◆ WORK ITEM:
Exclude the pictures, then restate every entry below exactly.

◆ ENTRIES SUPPLIED:
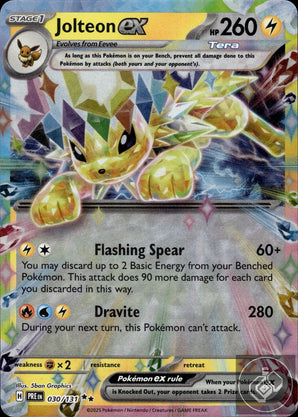 Jolteon ex 030/131 Holo Double Rare Prismatic Evolutions Pokemon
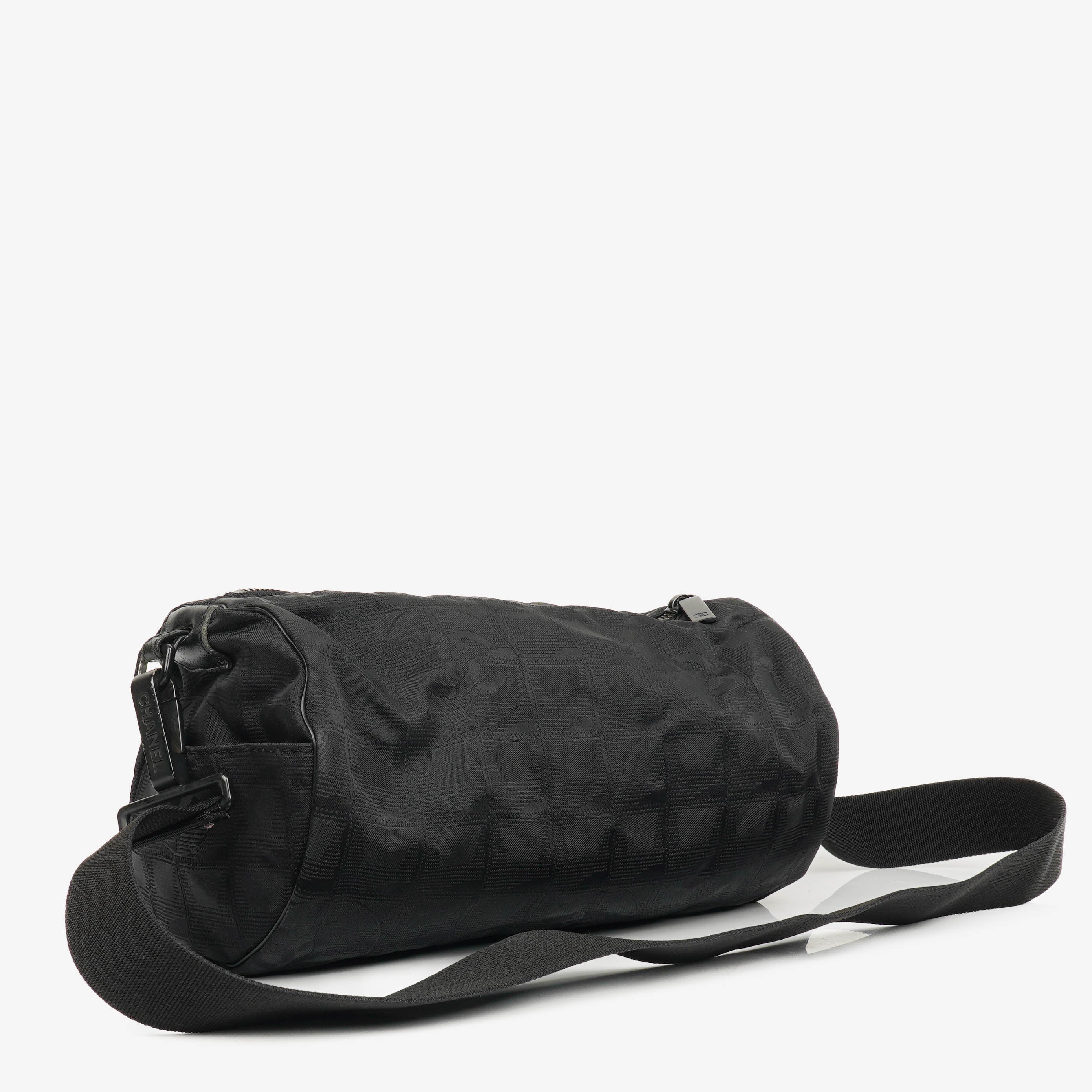 Chanel Black Nylon Travel Line Barrel Bag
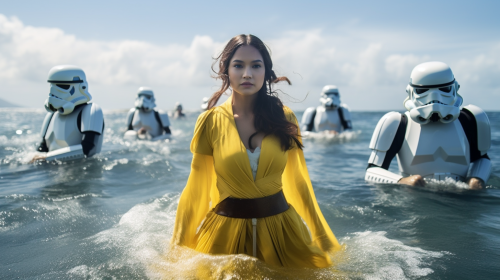 Beautiful Asian Model in Yellow Dress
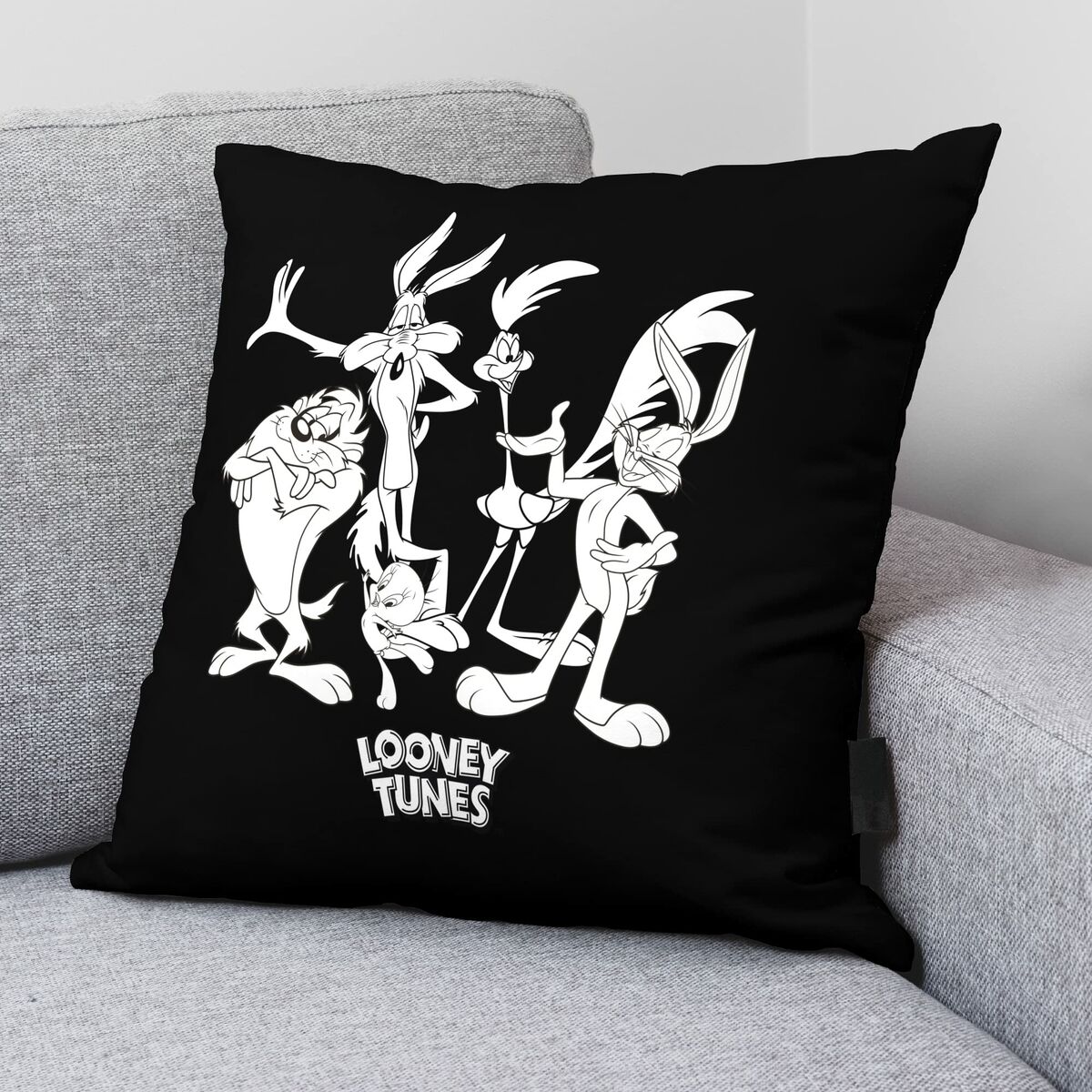 Fodera per cuscino Looney Tunes Nero 45 x 45 cm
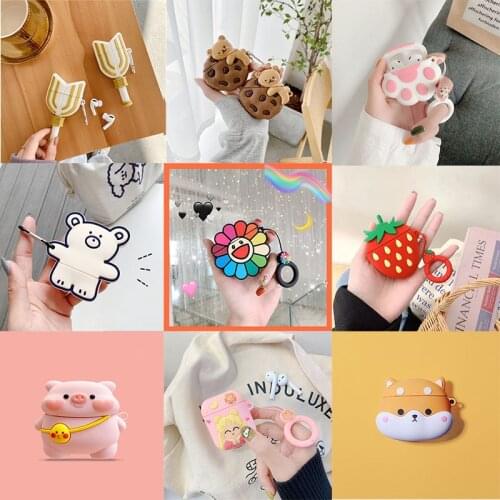 3D Cartoon Cute Silicone Earphone Case For Airpods Pro Headphone Cover For Apple Air Pods Pro 1 / 2 / 3 Wireless Headphone Bags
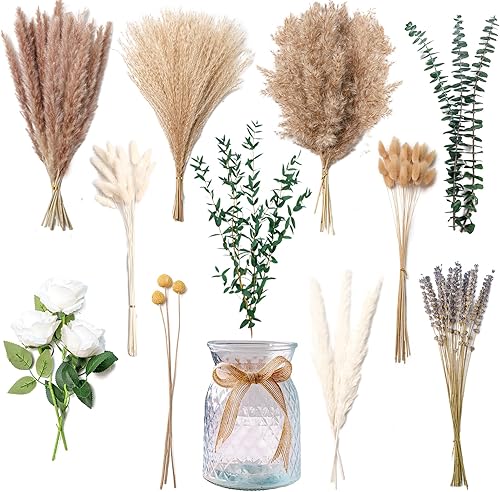 Miniatura 2 de Arreglo de flores artificiales con jarrón, piezas centrales de decoración para mesa, decoración floral de zacate de las pampas, decoraciones de mesa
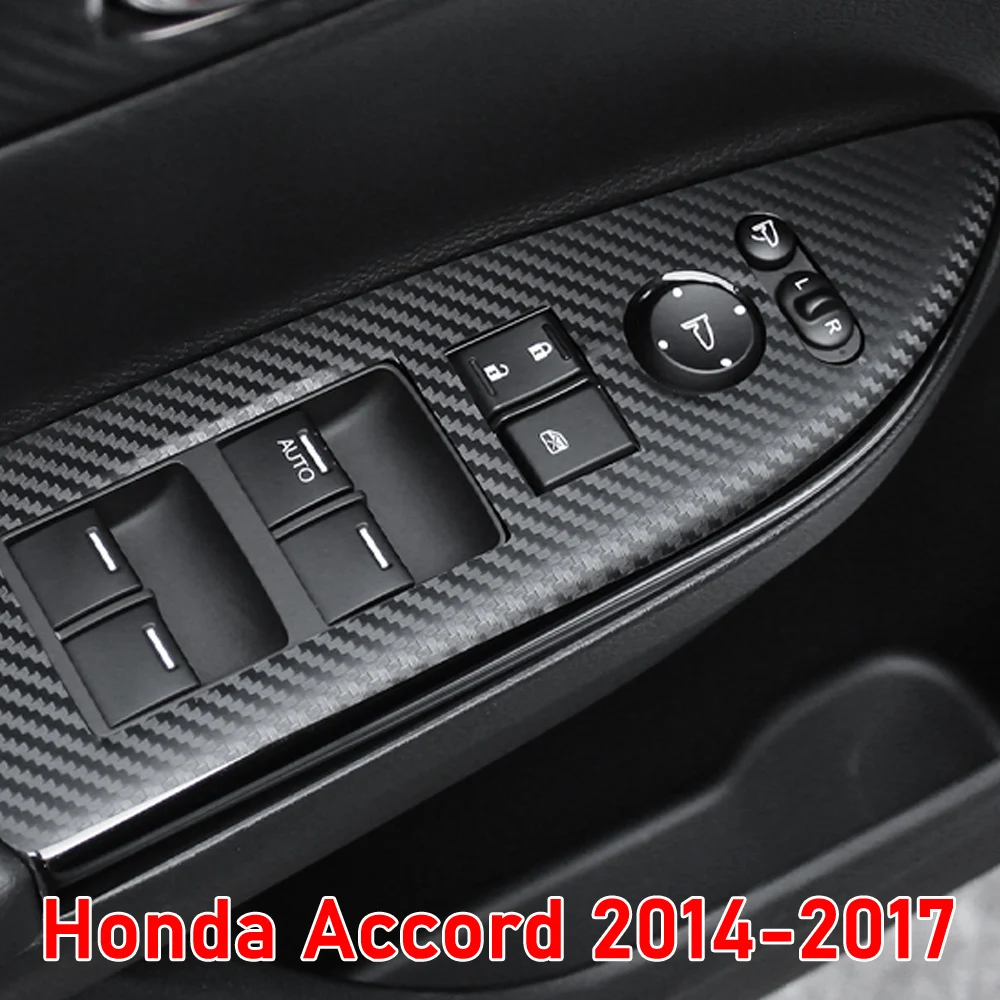 Car Styling Black Carbon Decal Car Window Lift Button Switch Panel Cover Trim Sticker 4 Pcs/Set For Honda Accord 2014-2017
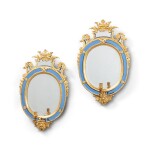 A pair of Swedish gilt-lead and blue glass girandole mirrors, 18th century, attributed to Burchard Precht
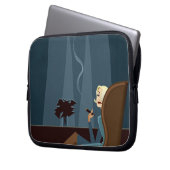 Geschäftsfrau-rauchende Zigarre Laptopschutzhülle (Vorderseite Links)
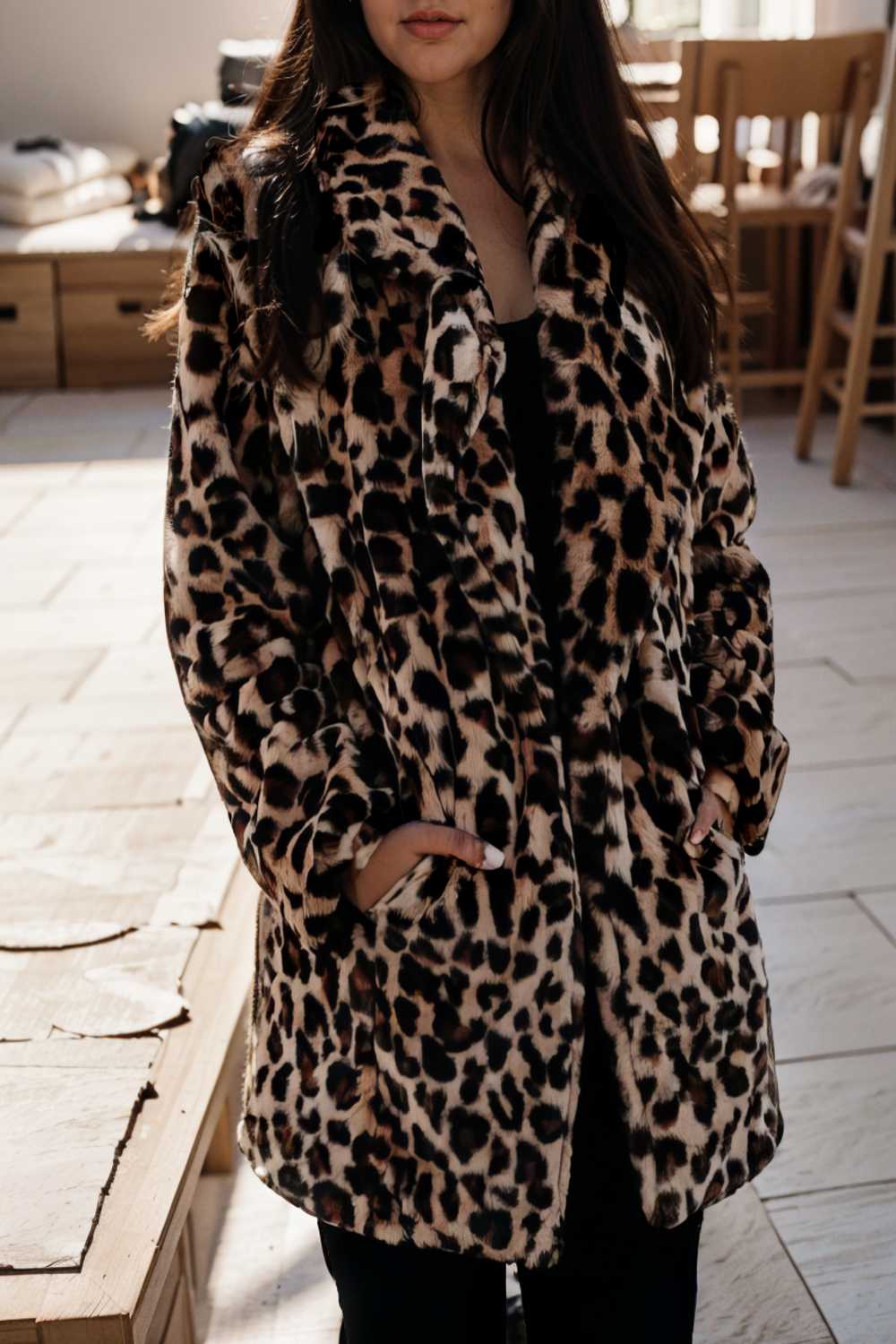 lapel leopard print faux fur long sleeve midi coat 109936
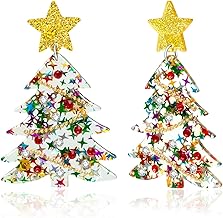 Christmas Tree Earrings Acrylic Christmas Earrings for Women Xmas Drop Dangle Earring Christmas Jewelry Gift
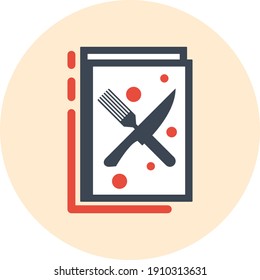 Menu icon. Food menu icon. Restaurant food menu, food price list, lunch, dinner, breakfast food item list icon. Restaurant menu icon.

◆ RESPONSE BOX:
 Jolteon ex 030/131 Holo Double Rare Prismatic Evolutions Pokemon
 Chanel Black Nylon Travel Line Barrel Bag
 Beautiful Asian Model in Yellow Dress
 Fodera per cuscino Looney Tunes Nero 45 x 45 cm
 3D Cartoon Cute Silicone Earphone Case For Airpods Pro Headphone Cover For Apple Air Pods Pro 1 / 2 / 3 Wireless Headphone Bags
 Miniatura 2 de Arreglo de flores artificiales con jarrón, piezas centrales de decoración para mesa, decoración floral de zacate de las pampas, decoraciones de mesa
 Car Styling Black Carbon Decal Car Window Lift Button Switch Panel Cover Trim Sticker 4 Pcs/Set For Honda Accord 2014-2017
 A pair of Swedish gilt-lead and blue glass girandole mirrors, 18th century, attributed to Burchard Precht
 Geschäftsfrau-rauchende Zigarre Laptopschutzhülle (Vorderseite Links)
 lapel leopard print faux fur long sleeve midi coat 109936
 Christmas Tree Earrings Acrylic Christmas Earrings for Women Xmas Drop Dangle Earring Christmas Jewelry Gift
 Menu icon. Food menu icon. Restaurant food menu, food price list, lunch, dinner, breakfast food item list icon. Restaurant menu icon.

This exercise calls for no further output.